The required output is the line with "ЭГС Ираклис Аммудиас" plus all lines that follow it to the end of the listing below, written out exactly, with no pictures.

**Material to process**
== Segment start ==

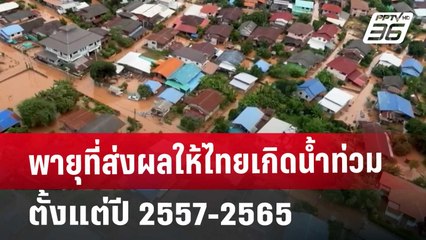 พายุที่ส่งผลให้ไทยเกิดน้ำท่วม ตั้งแต่ปี 2557-2565 | เข้มข่าวค่ำ | 20 ก.ย. 67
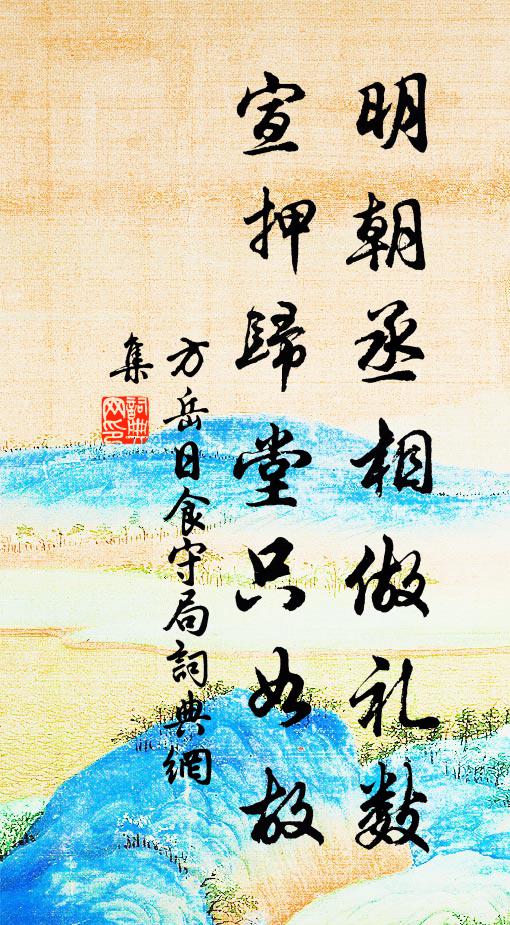 未說王花水雪骨，新陰先綠半春雲 詩詞名句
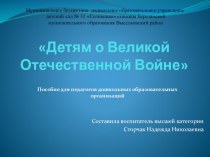 Детям о Великой Отечественной войне. Презентация для детей старшего возраста. презентация к уроку по окружающему миру (старшая группа) по теме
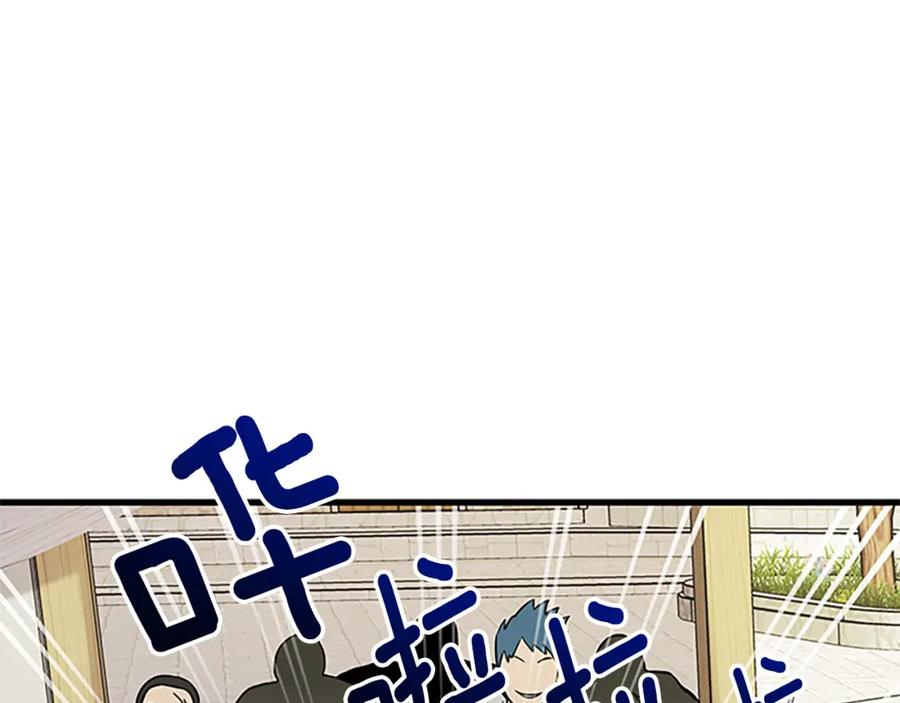 第69话 寻找魔晶石122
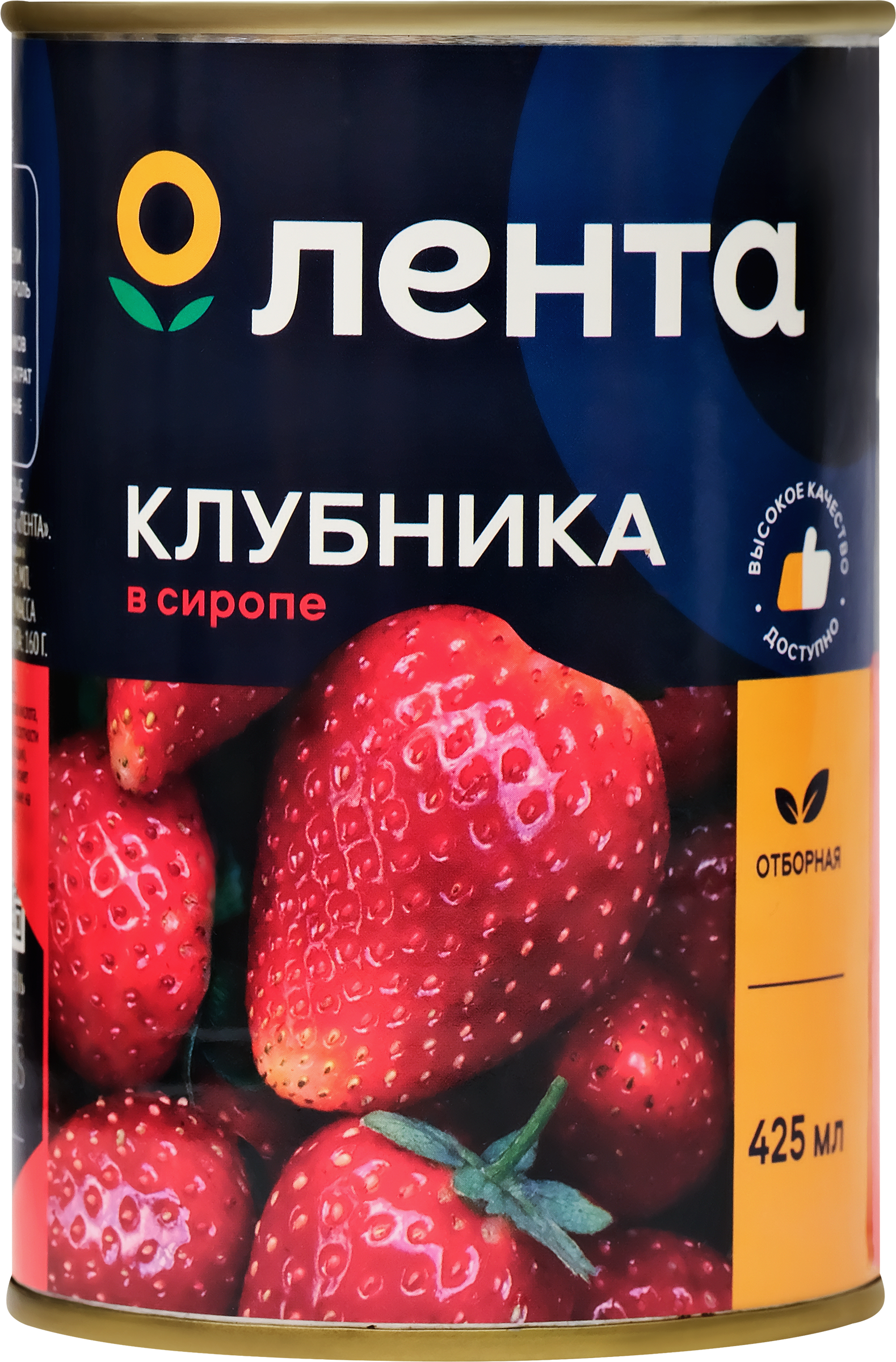 Изображение товара Клубника ЛЕНТА в сиропе 425 мл натуральные ягоды для десертов и выпечки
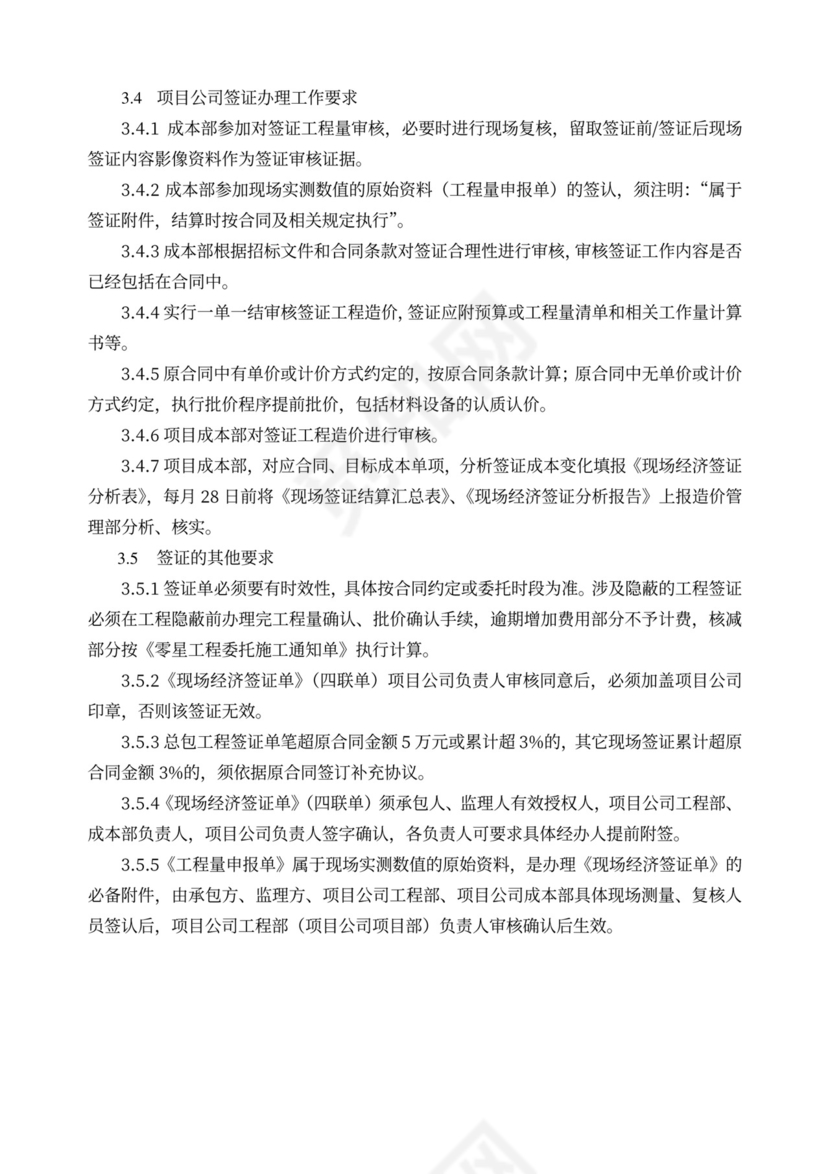 建筑消防设施安装工程施工合同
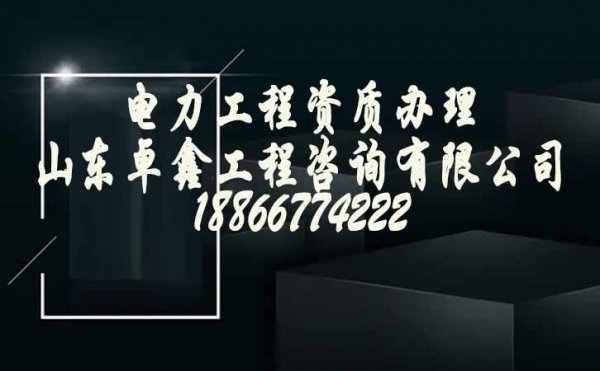 2022年選擇一家靠譜的建筑資質(zhì)代辦公司具備哪些因素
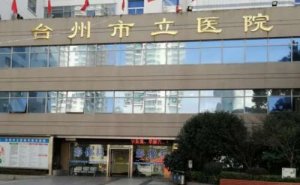 台州牙齿矫修复价格展示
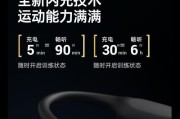蓝牙耳机苹果不漏音吗怎么设置？如何确保隐私？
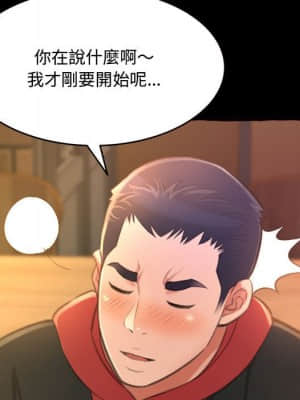 暗戀心酸誰人知 14-15話_15_148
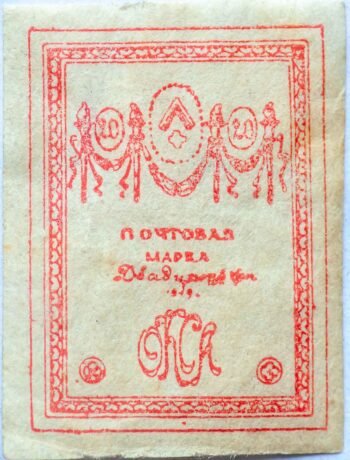 Аверс банкноты 20 kopiejek „Korpus Specjalny Armii Północnej generała Rodzianko” (Rosja), 1919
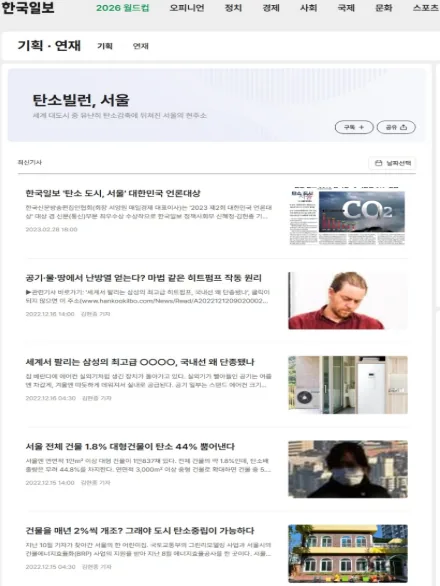 문서에 첨부된 수상작 이미지 1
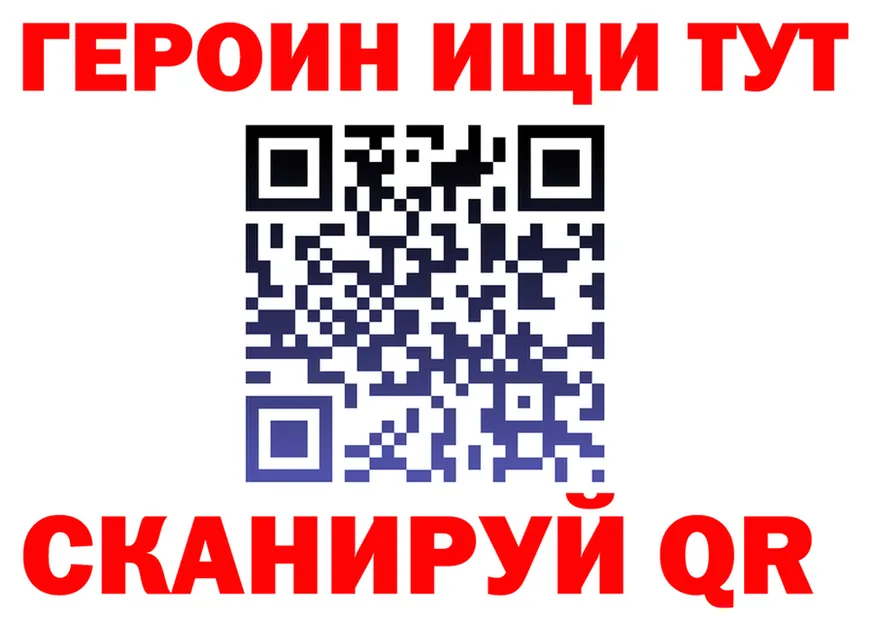 ТГК вейп ссылки это OMG Чистополь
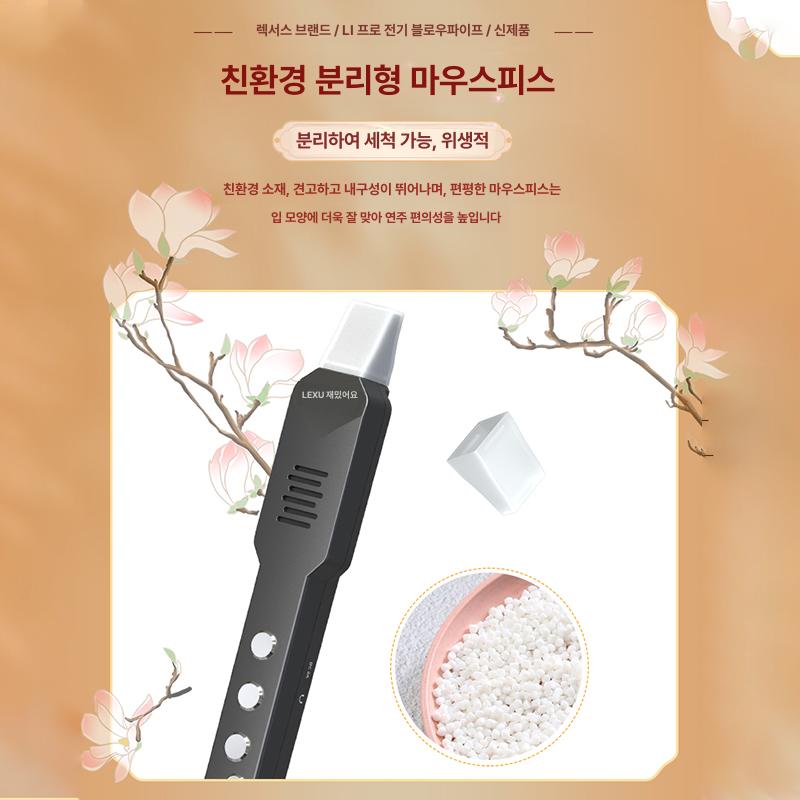 전자 리코더 노즐커버 일반형 입문용 기본형 관악기 초보자 - 상세 이미지 5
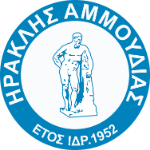 ЭГС Ираклис Аммудиас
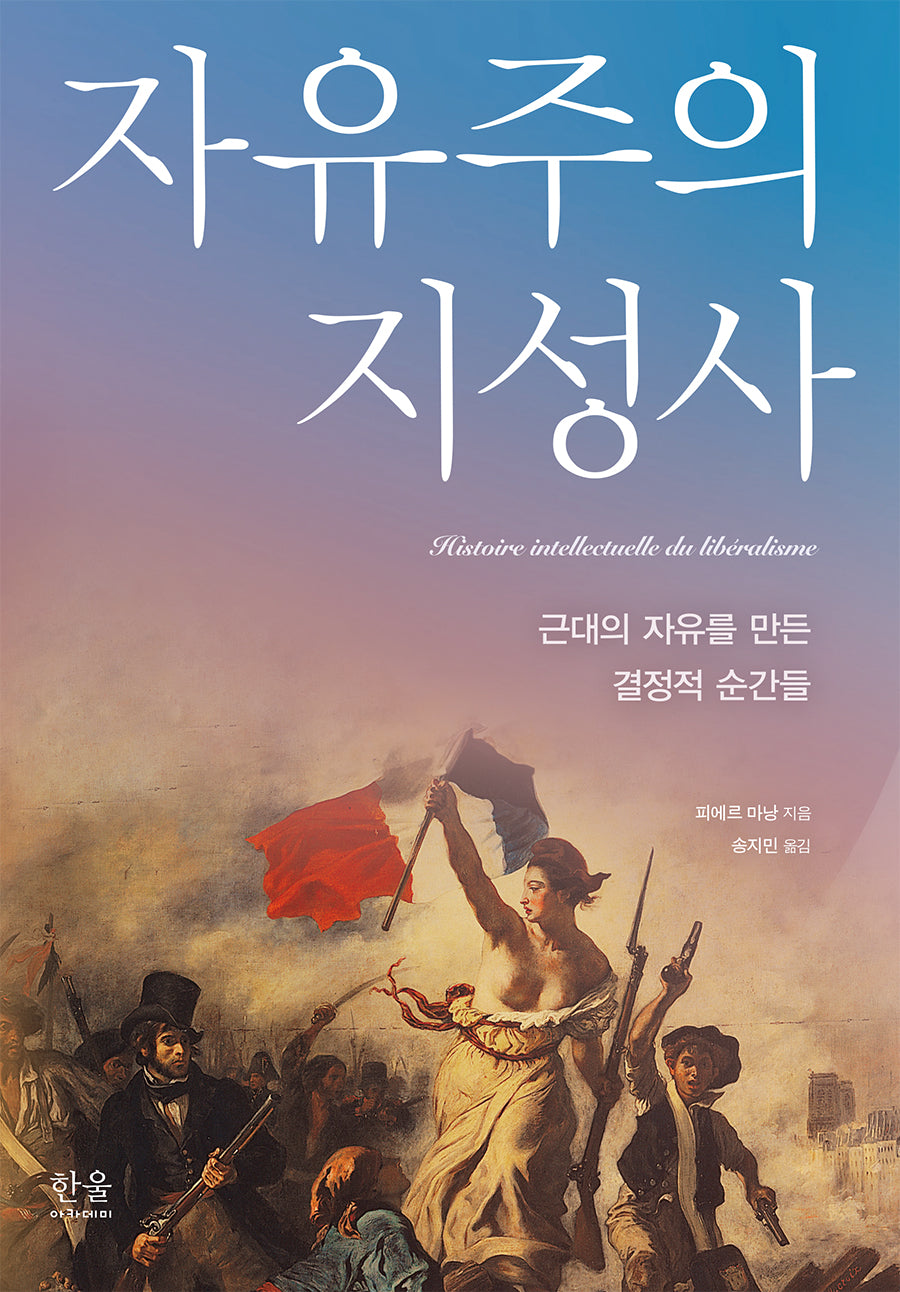 자유주의 지성사: 근대의 자유를 만든 결정적 순간들(양장본 Hardcover)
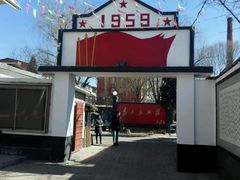 -人民公社大食堂(顺义总店)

== Segment end ==

**Response to the exercise**
 ЭГС Ираклис Аммудиас
 자유주의 지성사: 근대의 자유를 만든 결정적 순간들(양장본 Hardcover)
 -人民公社大食堂(顺义总店)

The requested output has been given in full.